───── Recorded information
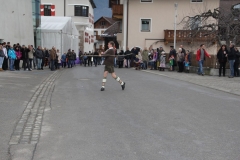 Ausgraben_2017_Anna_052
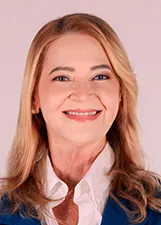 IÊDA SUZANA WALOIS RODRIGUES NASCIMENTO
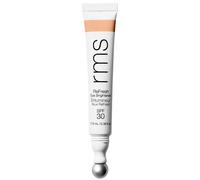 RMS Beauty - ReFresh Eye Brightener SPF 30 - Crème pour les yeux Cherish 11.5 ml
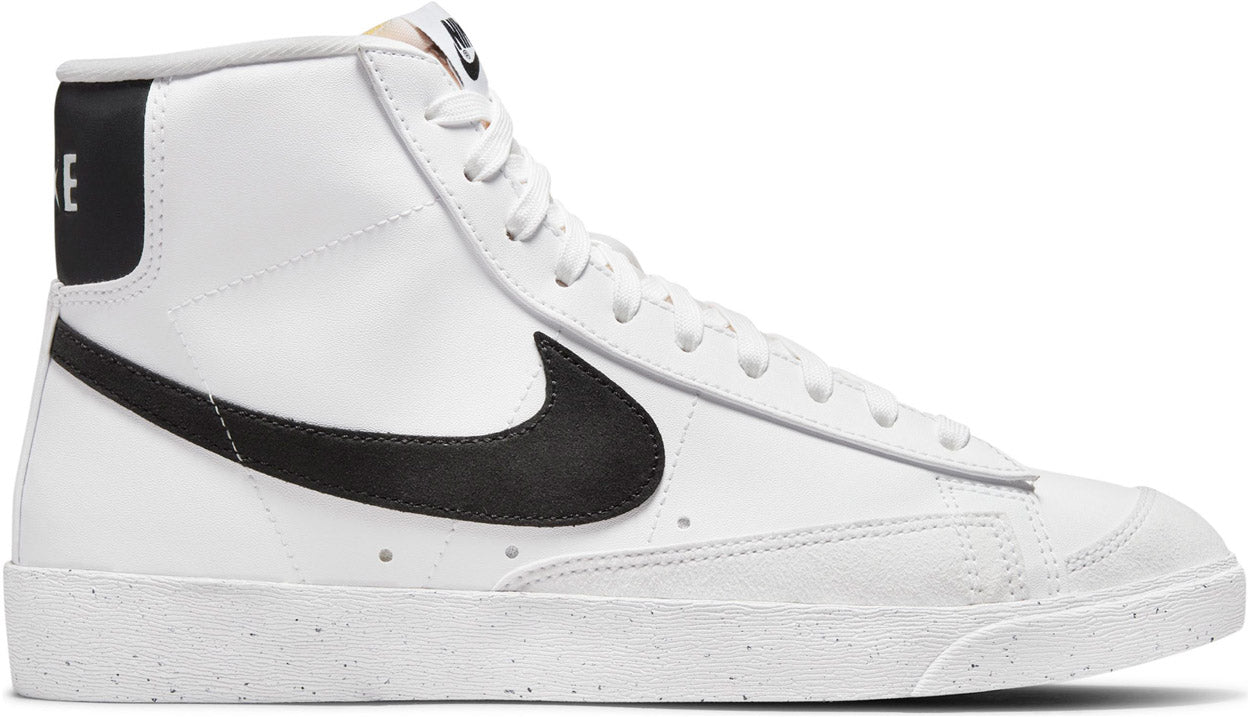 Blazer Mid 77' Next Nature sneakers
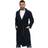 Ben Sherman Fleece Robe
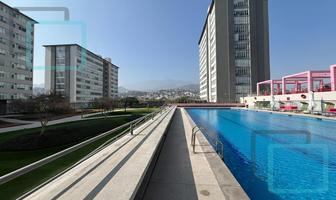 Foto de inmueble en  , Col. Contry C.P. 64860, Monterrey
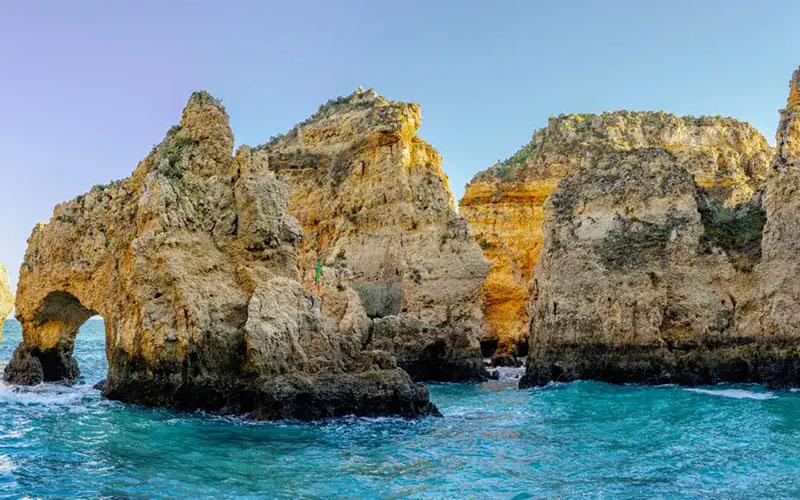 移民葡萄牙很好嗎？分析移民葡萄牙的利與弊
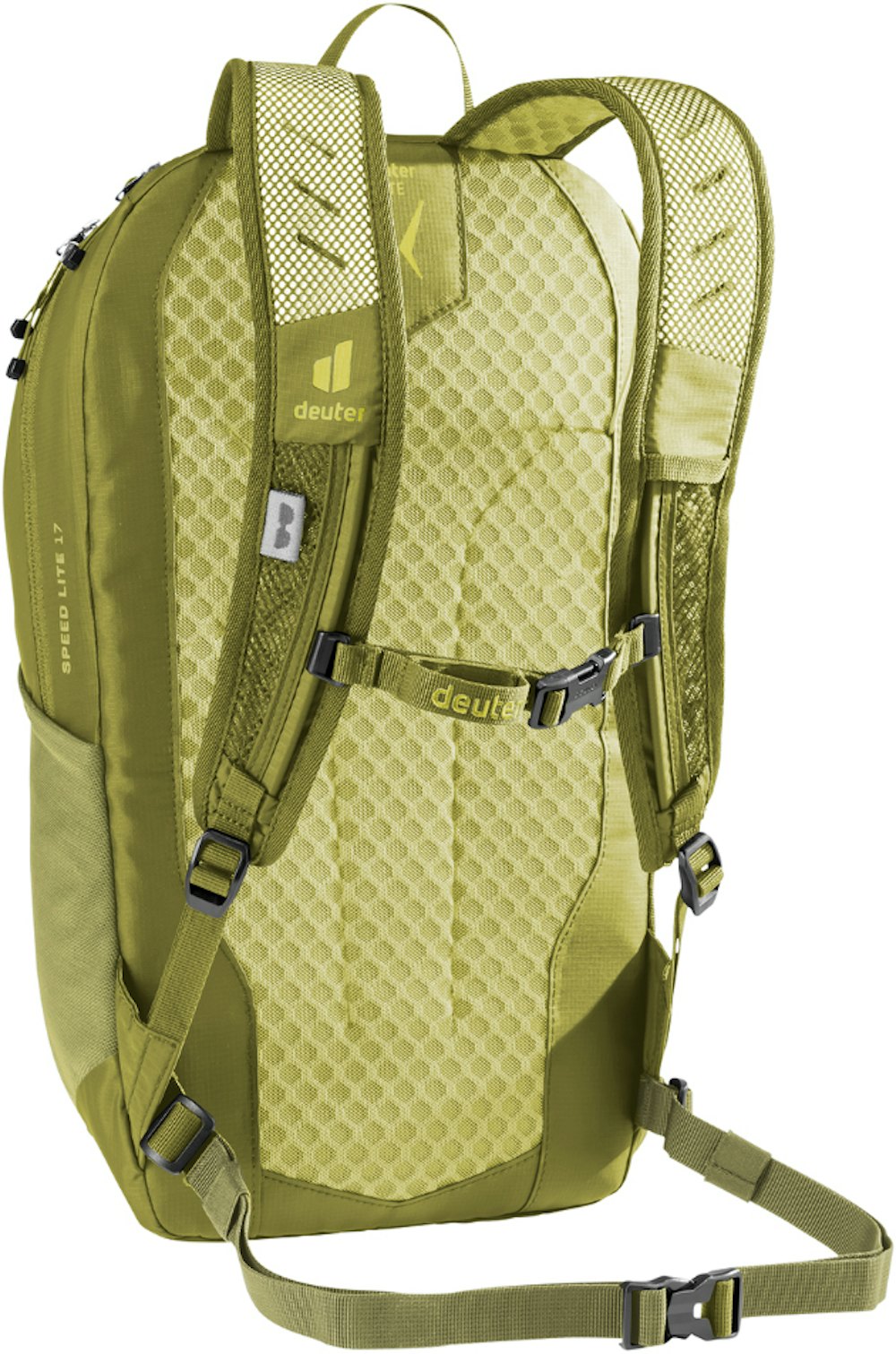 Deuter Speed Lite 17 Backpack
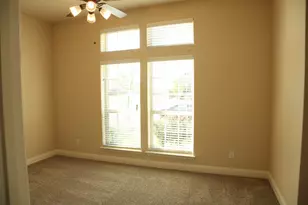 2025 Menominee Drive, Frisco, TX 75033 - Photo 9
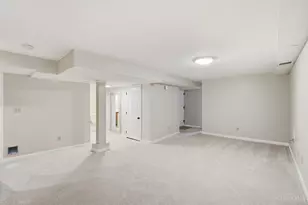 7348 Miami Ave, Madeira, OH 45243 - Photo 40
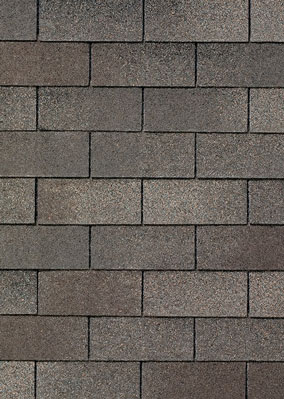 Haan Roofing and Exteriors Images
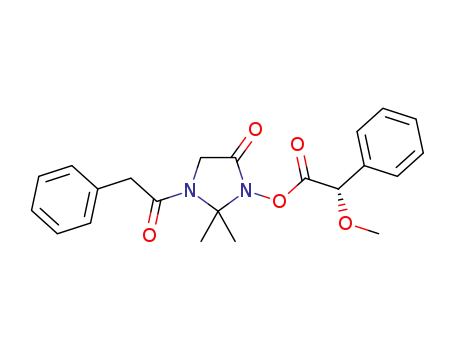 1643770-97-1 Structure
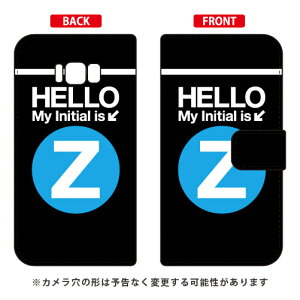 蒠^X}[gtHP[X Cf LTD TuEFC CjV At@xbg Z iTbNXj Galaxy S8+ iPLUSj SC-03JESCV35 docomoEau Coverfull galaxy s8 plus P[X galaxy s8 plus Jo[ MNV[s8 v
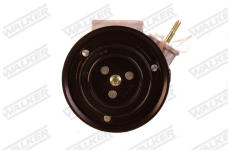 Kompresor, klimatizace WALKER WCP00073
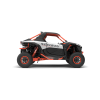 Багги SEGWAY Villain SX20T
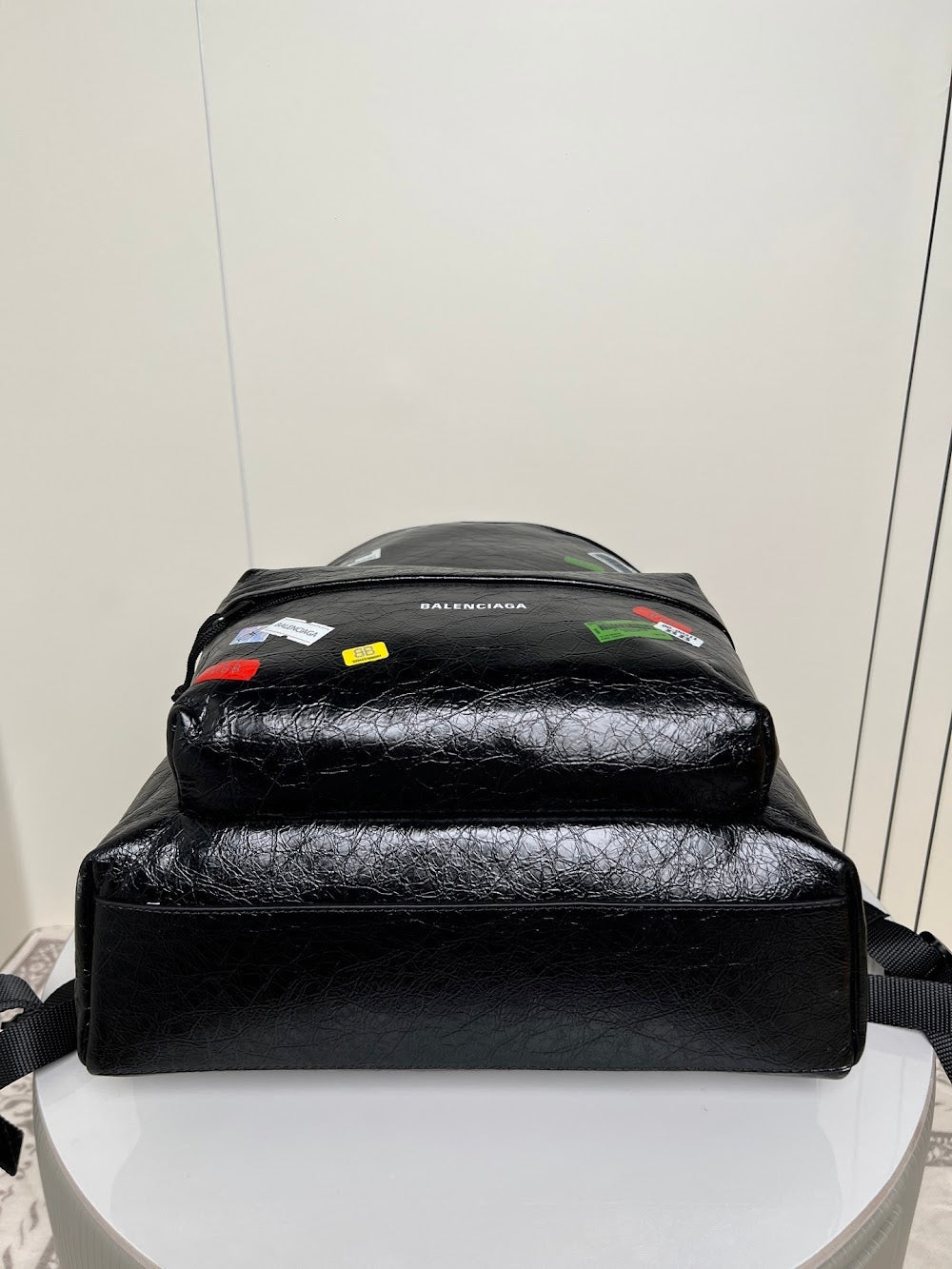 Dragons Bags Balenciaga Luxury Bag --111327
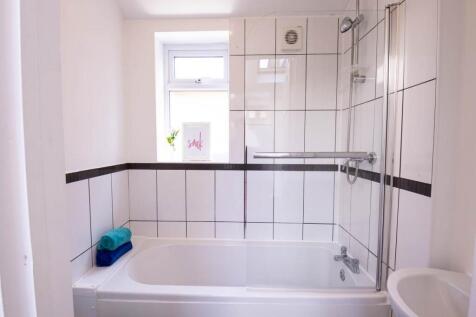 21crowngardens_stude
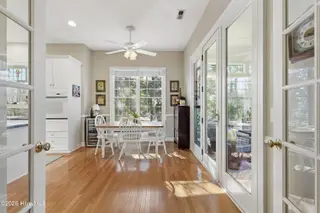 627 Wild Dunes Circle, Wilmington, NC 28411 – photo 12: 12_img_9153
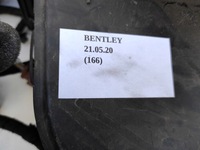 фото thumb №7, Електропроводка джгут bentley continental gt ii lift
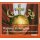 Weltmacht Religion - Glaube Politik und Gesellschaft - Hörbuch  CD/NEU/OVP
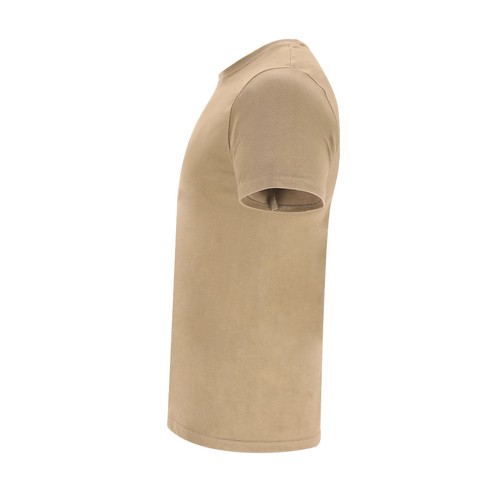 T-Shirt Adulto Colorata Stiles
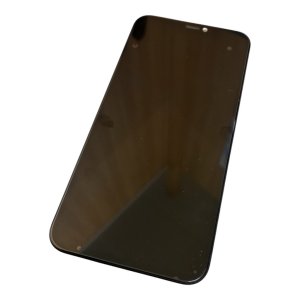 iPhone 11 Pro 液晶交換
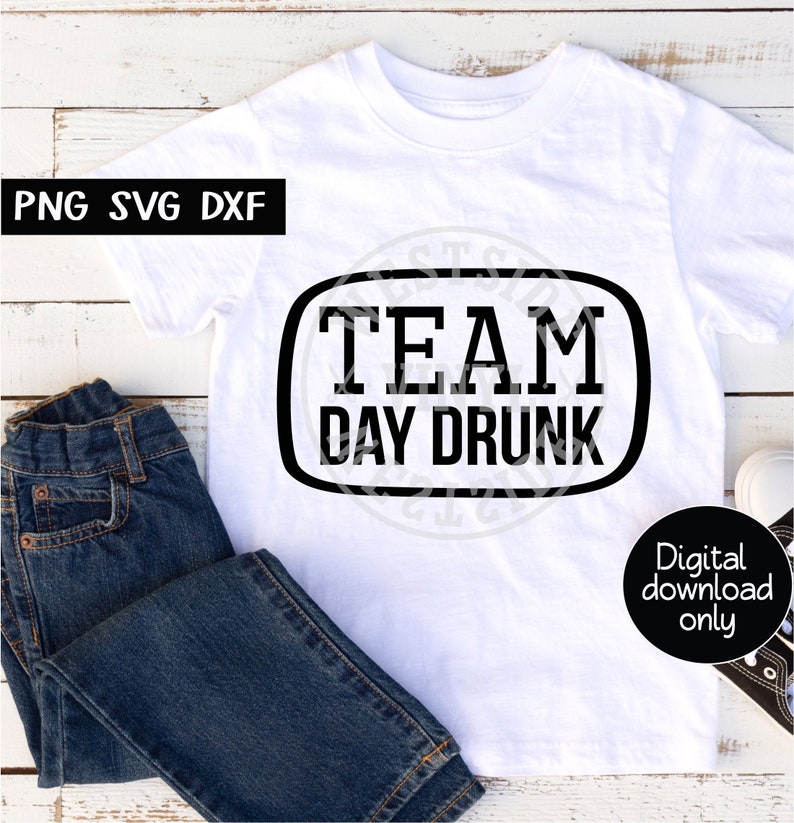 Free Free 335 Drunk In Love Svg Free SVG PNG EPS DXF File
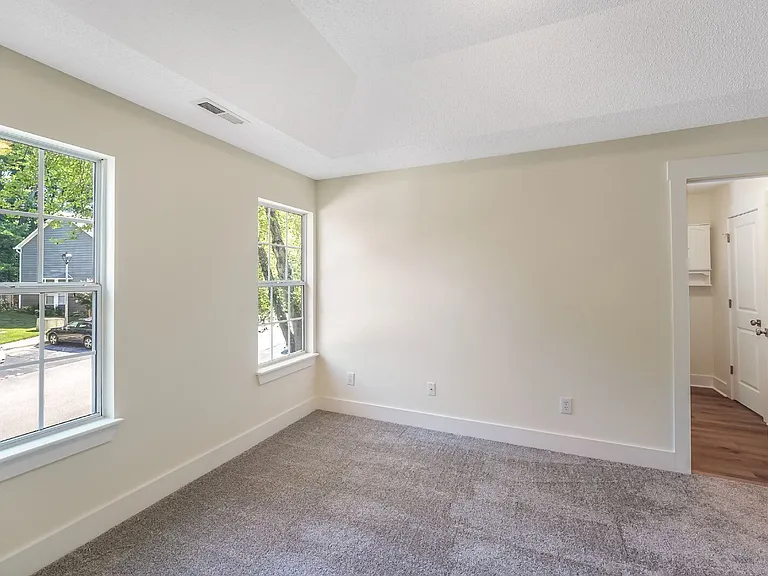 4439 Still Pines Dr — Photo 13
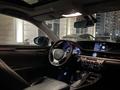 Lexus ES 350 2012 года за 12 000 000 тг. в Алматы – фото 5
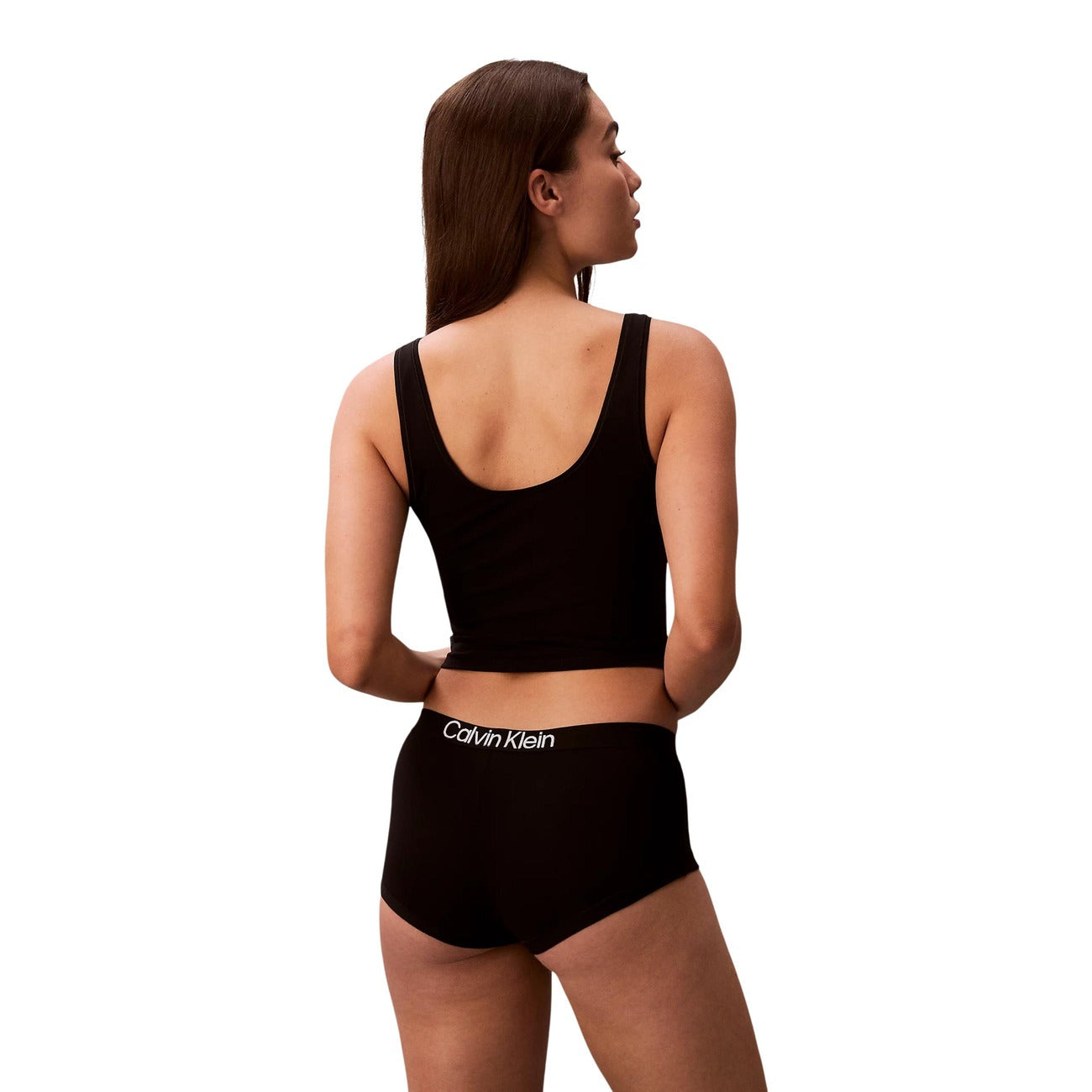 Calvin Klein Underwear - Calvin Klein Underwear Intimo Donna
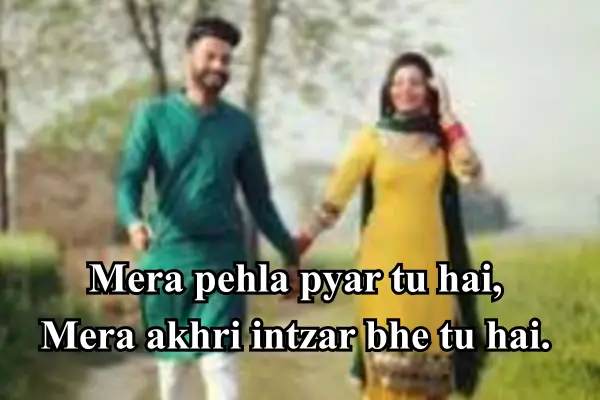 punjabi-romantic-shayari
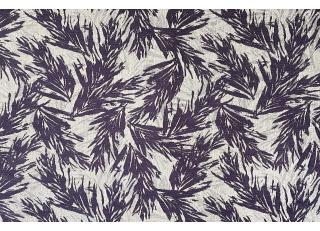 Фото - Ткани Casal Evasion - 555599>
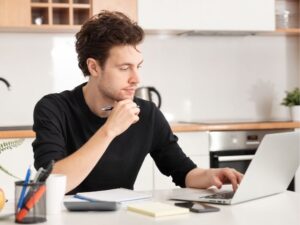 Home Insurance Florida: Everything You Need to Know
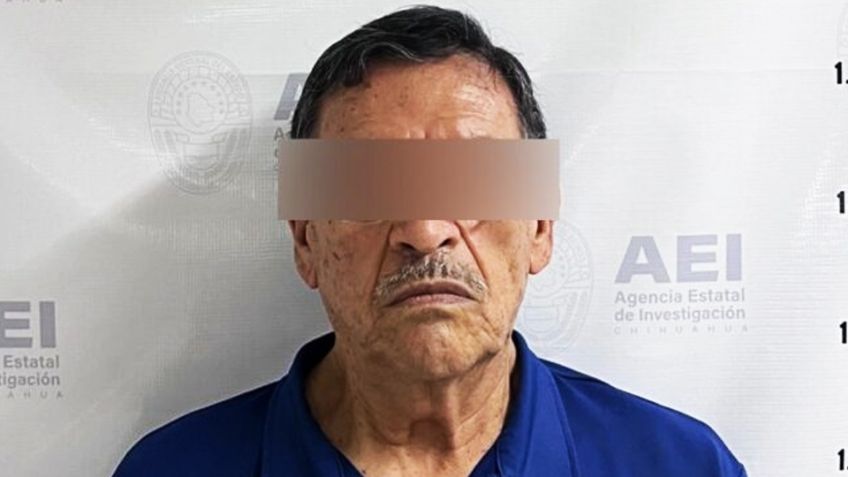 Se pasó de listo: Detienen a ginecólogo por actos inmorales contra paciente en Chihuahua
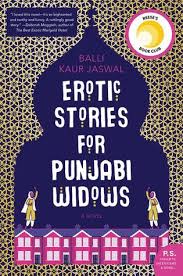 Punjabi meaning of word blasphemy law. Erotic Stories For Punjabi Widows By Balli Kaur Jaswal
──────────
**Exercise:** Write out exactly the lines beginning with the line that holds "Kompresor, klimatizace WALKER WCP00073" and ending with the final line of the data, both ends included, without the pictures.

**Response area:**
 Kompresor, klimatizace WALKER WCP00073
 Багги SEGWAY Villain SX20T
 Dragons Bags Balenciaga Luxury Bag --111327
 21crowngardens_stude
 627 Wild Dunes Circle, Wilmington, NC 28411 – photo 12: 12_img_9153
 фото thumb №7, Електропроводка джгут bentley continental gt ii lift
 Weltmacht Religion - Glaube Politik und Gesellschaft - Hörbuch  CD/NEU/OVP
 T-Shirt Adulto Colorata Stiles
 iPhone 11 Pro 液晶交換
 Free Free 335 Drunk In Love Svg Free SVG PNG EPS DXF File
 4439 Still Pines Dr — Photo 13
 Lexus ES 350 2012 года за 12 000 000 тг. в Алматы – фото 5
 Calvin Klein Underwear - Calvin Klein Underwear Intimo Donna
 punjabi-romantic-shayari
 Фото - Ткани Casal Evasion - 555599>
 Home Insurance Florida: Everything You Need to Know
 Se pasó de listo: Detienen a ginecólogo por actos inmorales contra paciente en Chihuahua
 Punjabi meaning of word blasphemy law. Erotic Stories For Punjabi Widows By Balli Kaur Jaswal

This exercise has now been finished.